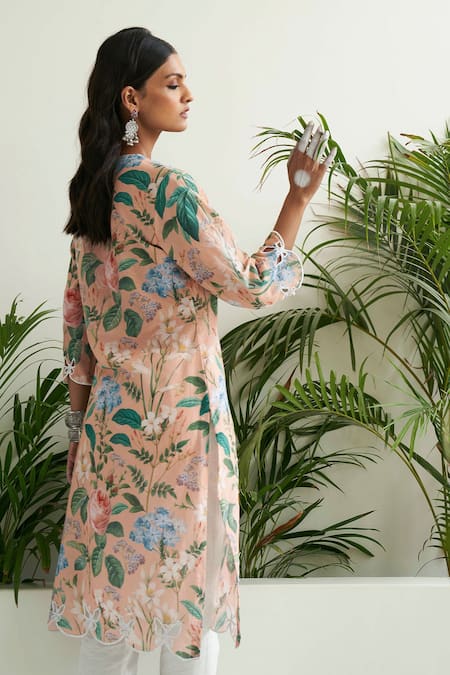 Buy Sage Saga Peach Linen, Chanderi, Pearls, Butterfly Cut-out Border Kurta Pant Set Online at Aza Fashions Buy_Sage Saga_Peach Linen, Chanderi, Pearls, Butterfly Cut-out Border Kurta Pant Set _Online_at_Aza_Fashions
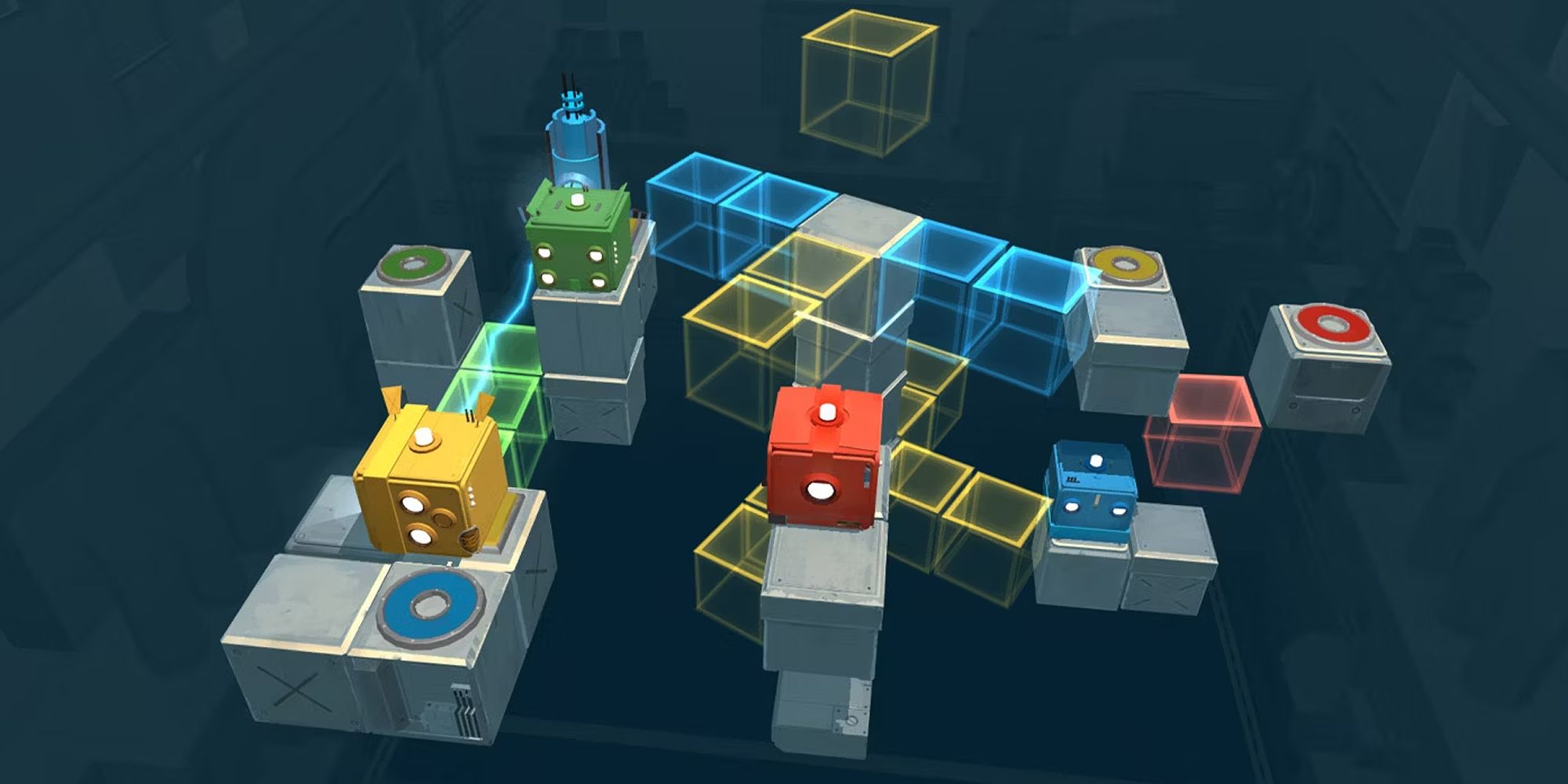 A screenshot of Death Squared, in which a bunch of cubes are arranged in a puzzle.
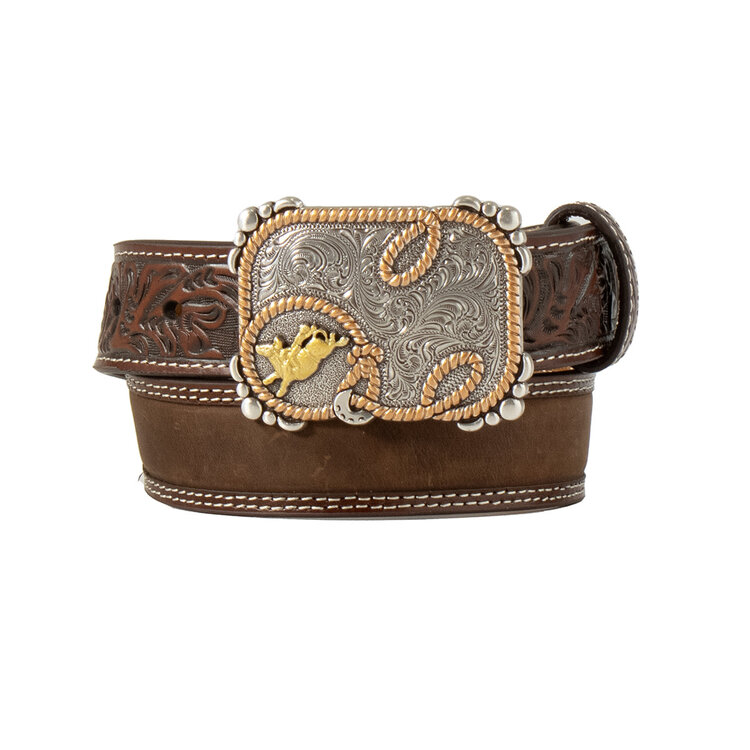 3D Belt Crazy Horse Leather Inlay Belt with Bull Rider and Rope Buckle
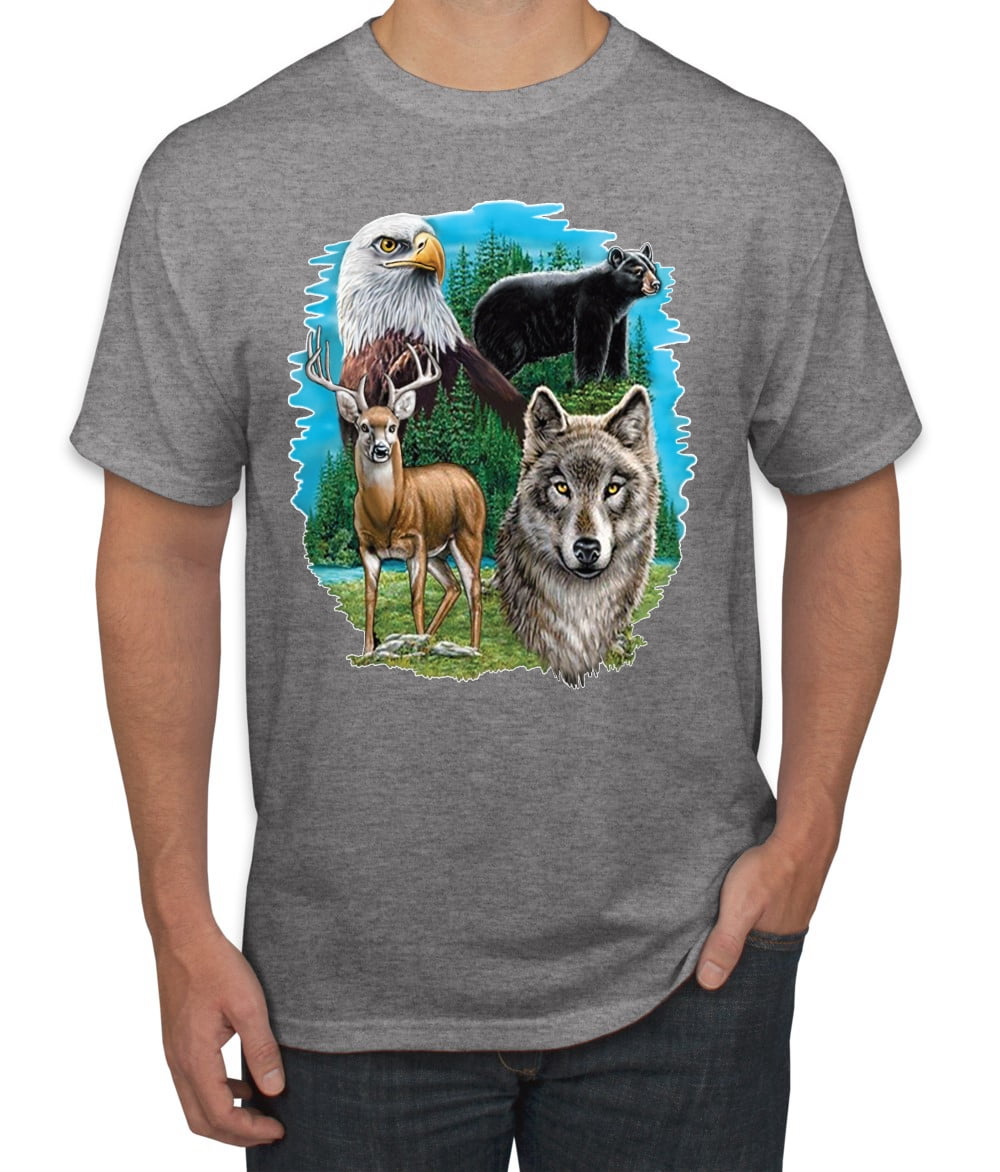 Eagle Bear Deer and Wolf Wildlife Americana American Pride Men's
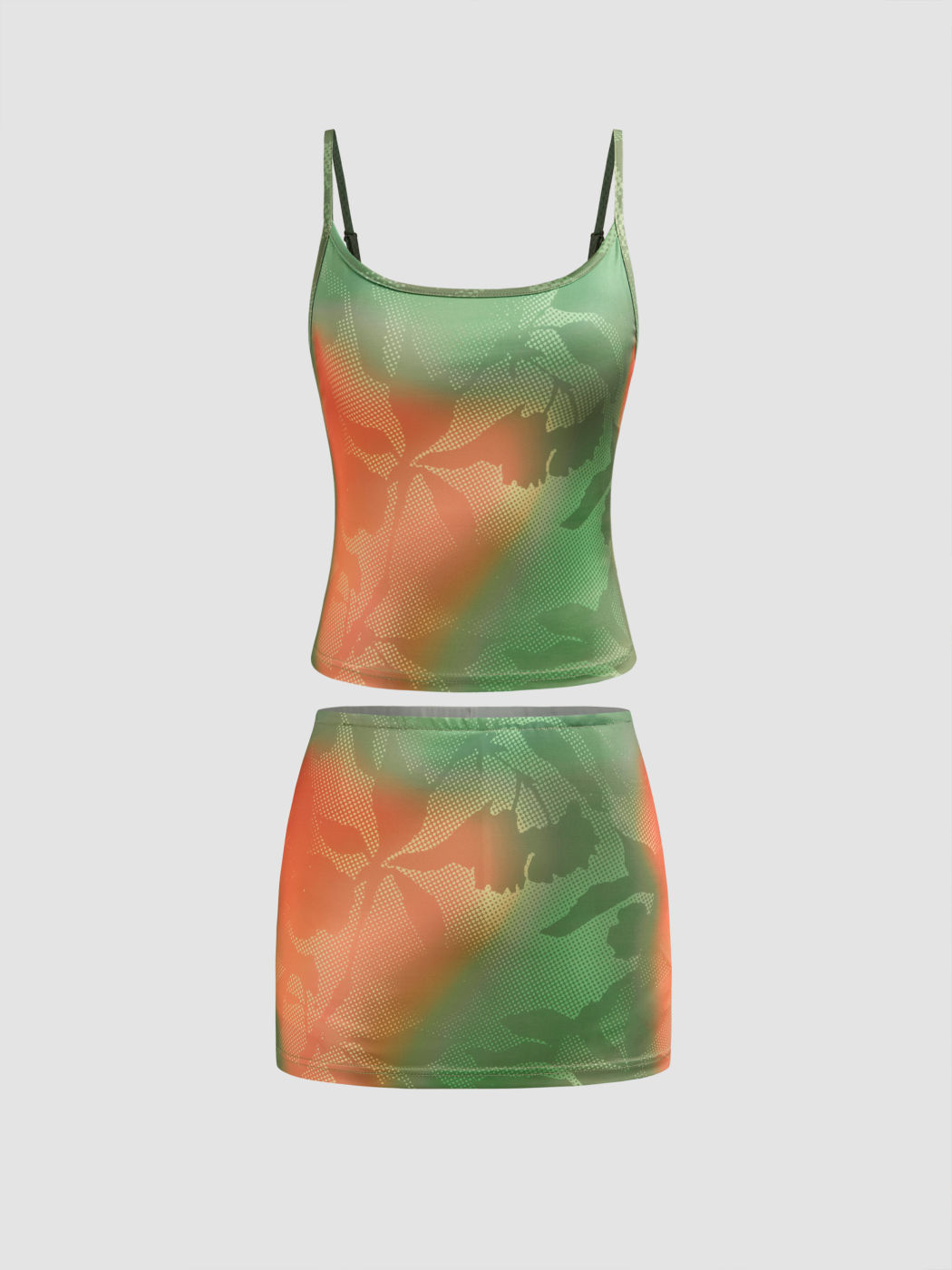 Scoop Neckline Gradient Crop Cami Top With Low Rise Gradient Mini Skirt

### EXERCISE
From the data above, write out everything exactly except the pictures.

### OUTPUT OF THE EXERCISE
 Buy Sage Saga Peach Linen, Chanderi, Pearls, Butterfly Cut-out Border Kurta Pant Set Online at Aza Fashions Buy_Sage Saga_Peach Linen, Chanderi, Pearls, Butterfly Cut-out Border Kurta Pant Set _Online_at_Aza_Fashions
 A screenshot of Death Squared, in which a bunch of cubes are arranged in a puzzle.
 3D Belt Crazy Horse Leather Inlay Belt with Bull Rider and Rope Buckle
 Eagle Bear Deer and Wolf Wildlife Americana American Pride Men's
 Scoop Neckline Gradient Crop Cami Top With Low Rise Gradient Mini Skirt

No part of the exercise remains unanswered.